Data for processing:

....

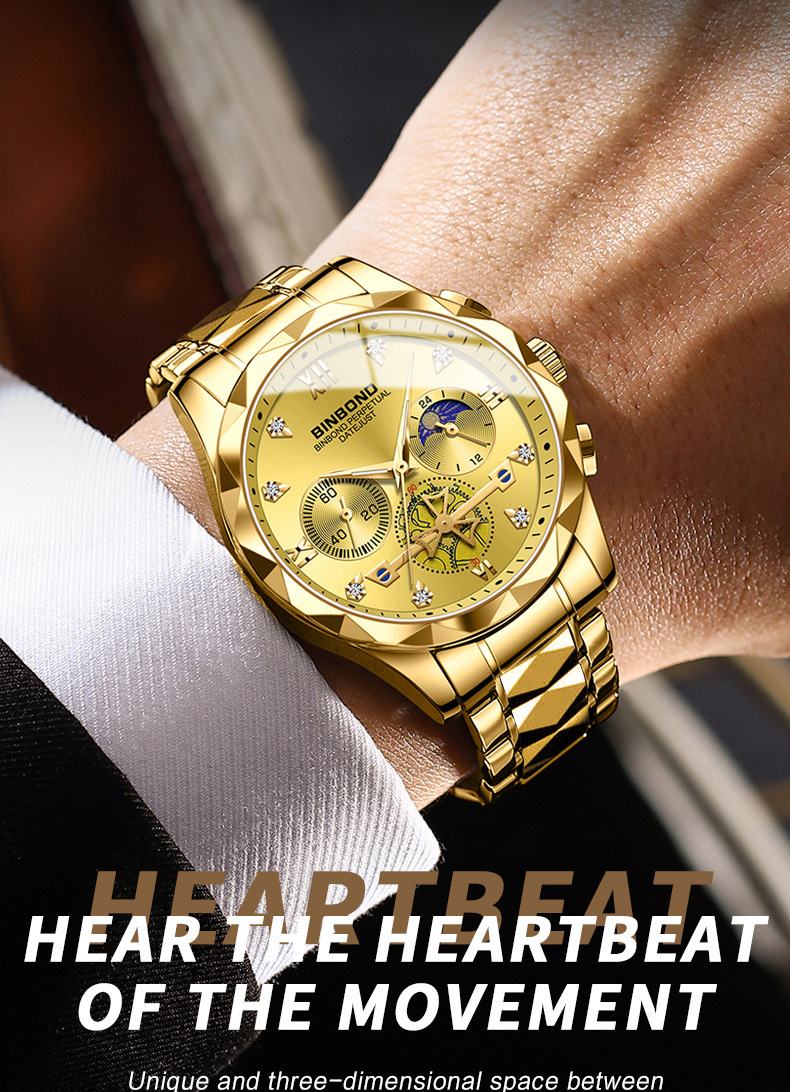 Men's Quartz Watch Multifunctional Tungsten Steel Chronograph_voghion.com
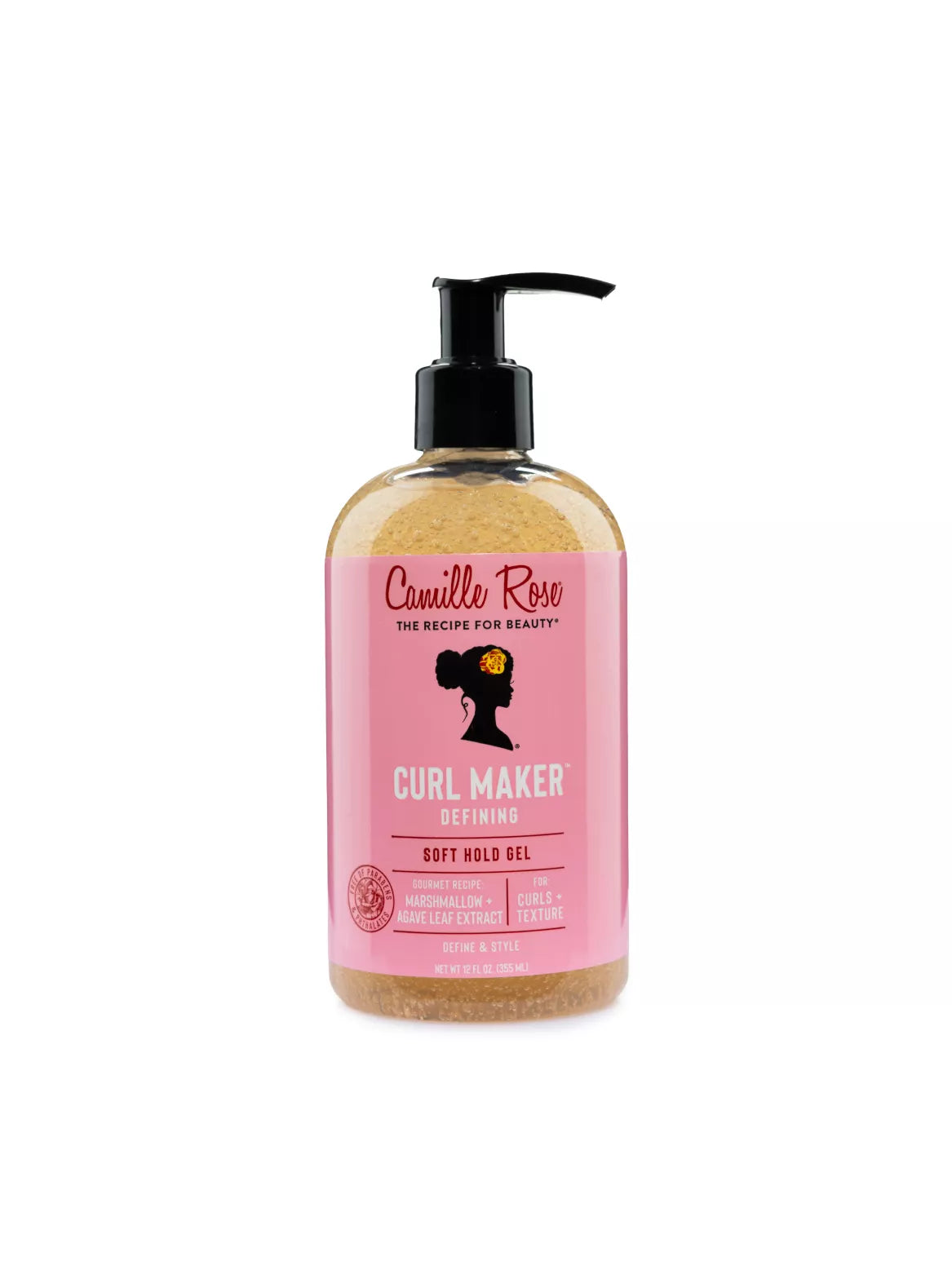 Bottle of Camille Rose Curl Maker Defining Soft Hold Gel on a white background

....

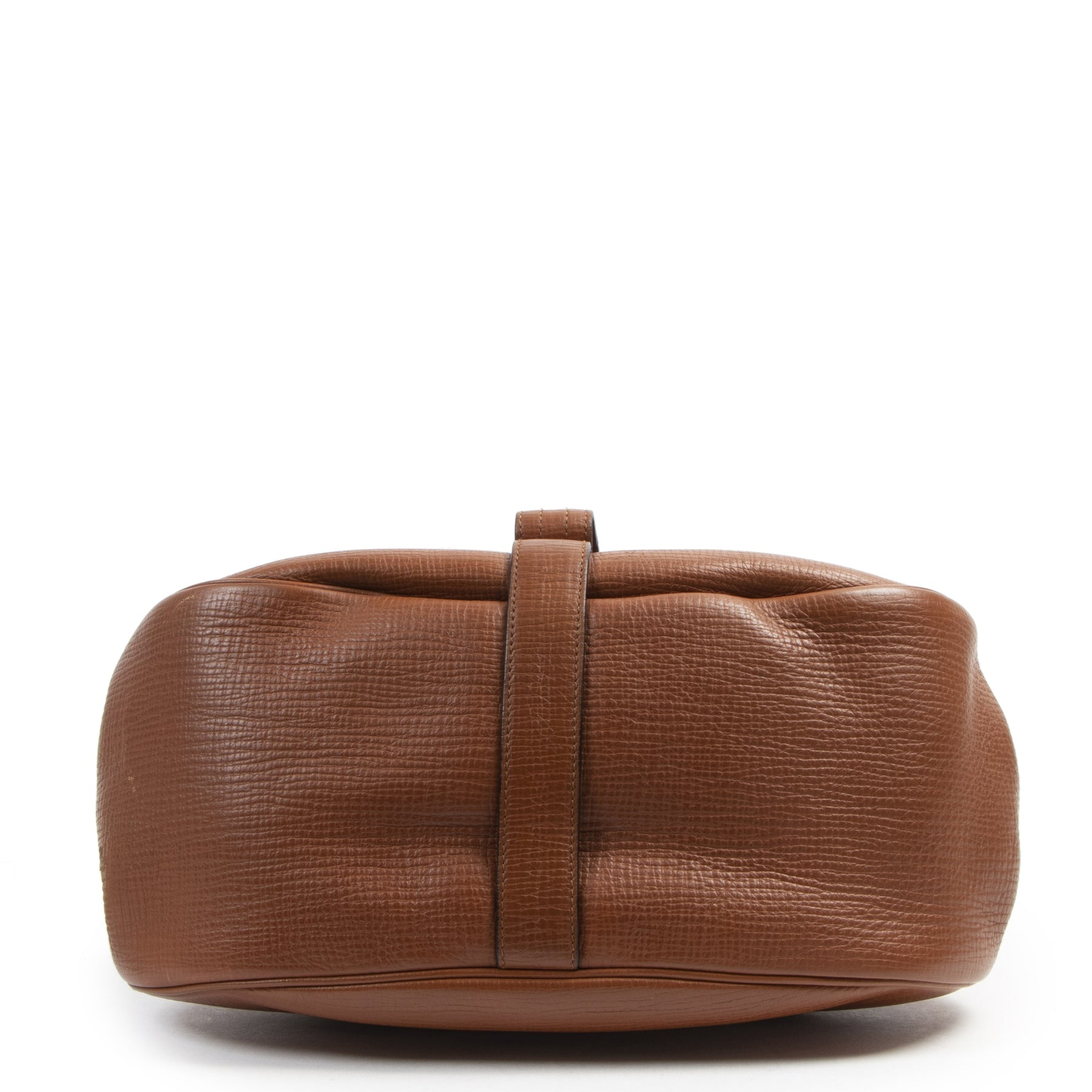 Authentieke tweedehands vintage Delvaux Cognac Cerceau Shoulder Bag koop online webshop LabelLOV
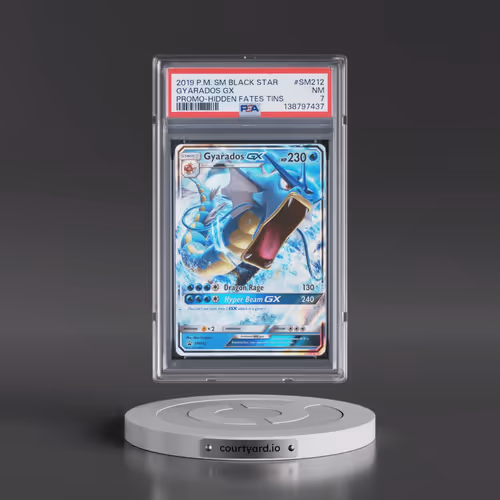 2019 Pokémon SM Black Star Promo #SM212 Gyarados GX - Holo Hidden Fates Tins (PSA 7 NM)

....

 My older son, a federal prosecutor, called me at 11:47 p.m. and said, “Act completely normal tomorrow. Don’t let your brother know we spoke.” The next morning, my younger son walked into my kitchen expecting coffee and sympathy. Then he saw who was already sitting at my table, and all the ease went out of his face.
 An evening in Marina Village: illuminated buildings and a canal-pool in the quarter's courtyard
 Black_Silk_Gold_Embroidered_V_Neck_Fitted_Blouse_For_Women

....

Action item:
Of the lines above, quote exactly those from the one with "Men's Quartz Watch" through the one with "Bottle of Camille", ends included; pictures stay out.

Task output:
 Men's Quartz Watch Multifunctional Tungsten Steel Chronograph_voghion.com
 Bottle of Camille Rose Curl Maker Defining Soft Hold Gel on a white background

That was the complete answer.